Alejandro's English teacher, Andrea Tinnemeyer, has watched him rise to the occasion. "He's constantly looking for ways to get better, for ways to improve," she says. "He's not satisfied with being as he is. He's always pushing himself."

Alejandro's scholarship came through a non-profit program called A Better Chance, and the name says it all. Because when Alejandro takes the bus home to East Oakland it is like traveling to another world, where the focus is on survival, not education. He has to be alert walking from the bus stop home.

"There's gangs roaming the streets and the possibility that you might end up dying, just on the street because of a stray bullet, as has happened with many people," he says.

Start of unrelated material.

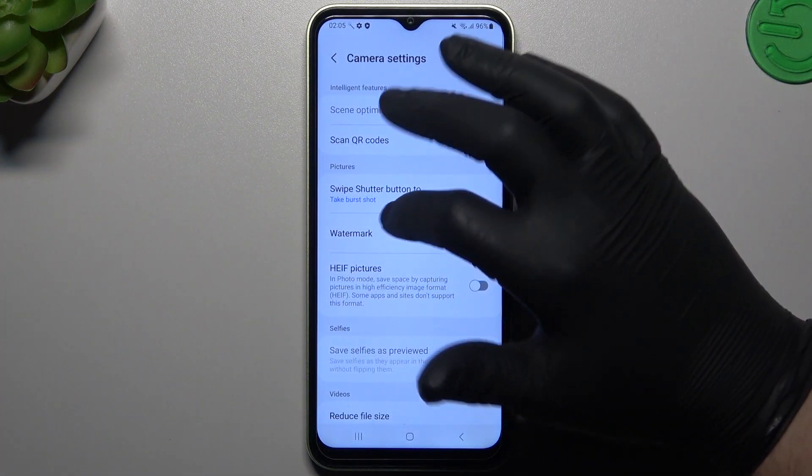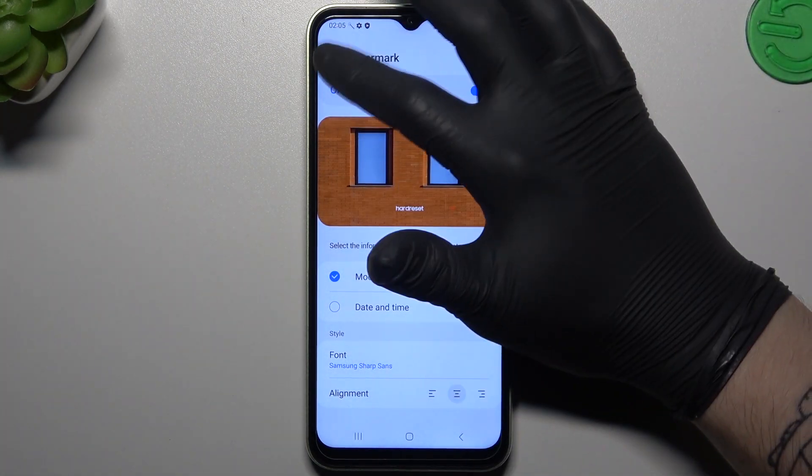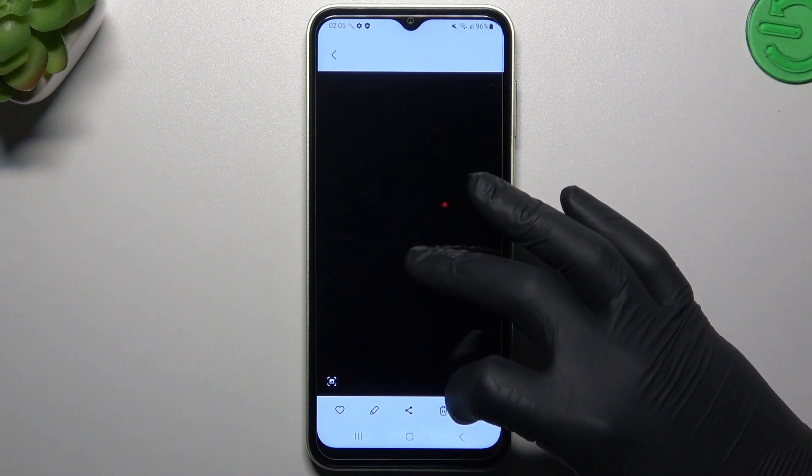I'm not sure why it's not showing. Okay, I need to select one of these options. Okay, and now if you take a photo again, you can see that we have our watermark.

In fact, there were 39 murders in East Oakland last year, plus 865 aggravated assaults. The fear of crime is evident everywhere- razor wire fences, graffiti covered walls and metal guard rails on windows..

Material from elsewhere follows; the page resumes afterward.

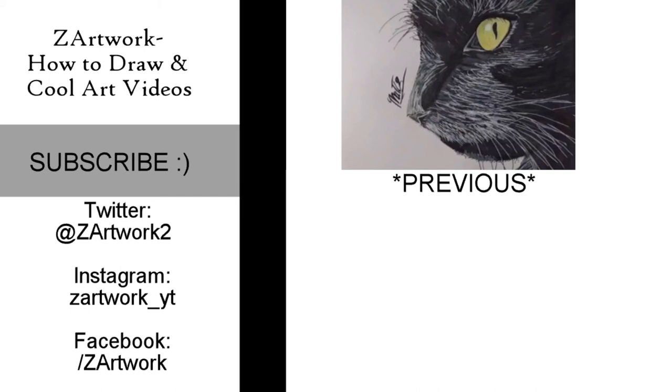So guys, I hope you liked this video. Please like, subscribe, comment — everything. There will be more and more videos to come. Happy Halloween everyone!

The grinding poverty is like the dust in the air--homeless people pushing shopping carts full of their bedding, men standing around idly near the liquor stores, mothers who look like teenagers pushing a baby stroller with another toddler in hand. Litter piles up near street curbs and black plastic bags full of garbage are randomly dumped in parks or empty lots.

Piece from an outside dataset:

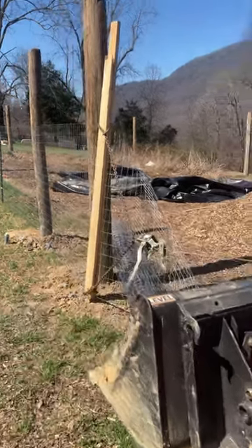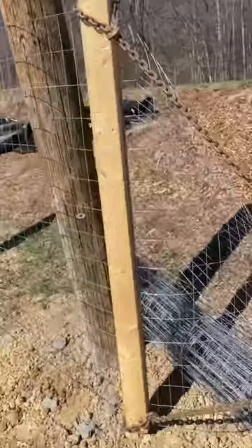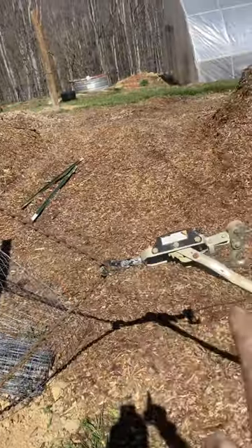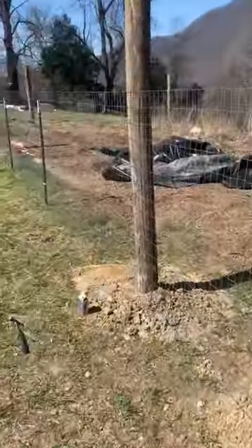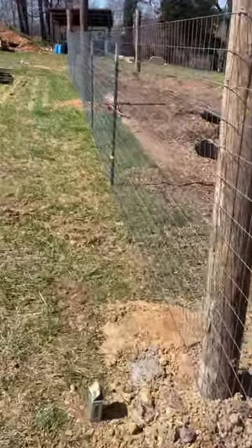Quick tip on how to stretch fencing: take a come-along, take your fence and run two-by-fours — you can either bolt them or just screw them together. Wrap a chain around it, bring it back to a come-along, and come-along the fence as tight as you can. As you can see, that fence is super tight.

For Alejandro's family, five people live in a two-bedroom apartment. Alejandro's parents divorced, and his single mom works very long hours as a house cleaner.

"She comes home tired and it's like, it's been so many years of the same thing going on, just work and work and work," Alejandro recalls. "It just definitely makes me want to strive to be better so I can help her out."

And he does help: Alejandro often does the cooking, and he's tasked with making sure his little brother does his homework.

Tinnemeyer knows Alejandro's living space has made schoolwork hard. "He has a small apartment, he doesn't have a place to do his work, he doesn't have quiet to do his work… It's an entirely different universe."

The boys sleep on a bunk bed in the front room, and money is always short. "Rent is $900, and my mom makes maybe a little more than $1000… So we don't do luxuries," Alejandro says.

Tinnemeyer says living paycheck to paycheck means more than just no luxuries. She has noticed there is often "not enough money to buy school supplies. Not enough money to get a snack if he's hungry."

Meanwhile back at school, some kids drive expensive cars to school and talk about their family vacations, and overseas trips. They can afford tutoring at home and their parents can buy guidebooks to help study for the S.A.T.

It would be hard for most teenagers to navigate these two worlds—a tony private school, and a tiny apartment in East Oakland—but Alejandro says something his mother taught him has helped: "be true to yourself", she tells him. And at school, he says he's learned something else: "knowing yourself knowing your story, embracing your story. Being proud of who you are. I guess that's one of the things that we emphasize here a lot."

Those lessons are part of the reason he is able to carry himself with a quiet dignity you almost never see in someone so young. He has learned to accept help graciously. "There have been families here that know of our situation and sometimes they'll give us clothes they don't need or sometimes it will be a box of food or vegetables," Alejandro says. "My deepest thanks to them because they've definitely helped us out… It meant a lot."

"He's grounded enough to know that money doesn't define him and have a sense that other things are more important," Tinnemeyer says.

KPIX 5 News reporter Wendy Tokuda asked him, "What helps you rise above?"

Alejandro knows immediately. "Education is key," he says. "It's something my mom has told me and something that I guess I live by… It's that search for knowledge" that keeps him going.

Alejandro already been accepted at Williams College in Massachusetts.